Wszystkie zdjęcia umieszczone na tej stronie stanowią przedmiot ochrony prawa autorskiego (art. 16, 17, 78, 79 ustawy o prawie autorskim i prawach pokrewnych), stanowią wyłączną własność autora zdjęć. Jakiekolwiek wykorzystywanie (kopiowanie, reprodukowanie, publikowanie, drukowanie itp.) zdjęć, fragmentów zdjęć lub ich modyfikacji, bez zgody i wiedzy autora jest zabronione.
Witajcie Audiomaniacy :)
Chciał bym przedstawić projekt nie za dużych kolumn 3way projektowanych pod muzykę rock/metal.
ZAŁOŻENIA:
Od dawna myślałem o takim projekcie ale jakoś nie miałem okazji aby się za to zabrać. Na szczęście kilka miesięcy temu odezwał się do mnie znajomy który poprosił mnie abym mu coś złożył. A że On akurat słucha takiej muzyki najwięcej to postanowiłem urzeczywistnić moją wizję :)
Już na samym początku łatwo nie było, wiedziałem jaki dźwięk chcę uzyskać ale nie wiedziałem jakich głośników do tego użyć. Postanowiłem za bardzo nie wydziwiać (ponieważ kolumny nie tylko miały grać muzykę rokową, ale też jazz czy klasykę) i zastosować głośniki które miały dobre opinie i pasowały do tego projektu.
GŁOŚNIKI:
Seas CA22RNX - Troels użył go do 3way classic i ten projekt był polecany do takiej muzyki. Na forum pisali że szału nie robi ale to dobry, mało prądożerny głośnik. Wizualnie się podobał, wziąłem.
Seas MCA12RC - bardzo pozytywne opinie, od dawna chciałem go wypróbować... i nie zawiodłem się (ale o tym później :) ).
Audax TW025A20 - Tytanowa kopułka, pozytywne opinie, nie tuzinkowy wygląd. Cena trochę wysoka ale wizualnie mi odpowiadał więc wziąłem.



OBUDOWY:
Obudowy z MDF-u, Front i dół 18 + 10mm, reszta 18mm, wzmocnienia i przegrody 18 i 10mm. Cała obudowa oklejona na koniec HDF-em 3mm. Komora CA22RNX 40L strojona na 36Hz (ale nie jestem pewien bo na samym końcu jeszcze modyfikowałem wytłumienie). Port bas reflex HP 051-0018 skrócony do 16cm.
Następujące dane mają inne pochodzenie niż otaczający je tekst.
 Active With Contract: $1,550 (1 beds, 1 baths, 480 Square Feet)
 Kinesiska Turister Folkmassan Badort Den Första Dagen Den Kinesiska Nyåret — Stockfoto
Wytłumienie Filc prasowany prawie na każdą ściankę komory CA22RNX, z mniejszą ilością przy porcie BR. Komora MCA12RC wytłumiona w całości filcem i owatą.



Obudowy oklejone fornirem modyfikowanym Lagoon Alabaster. Wykończony on został olejo woskiem Osmo 3032.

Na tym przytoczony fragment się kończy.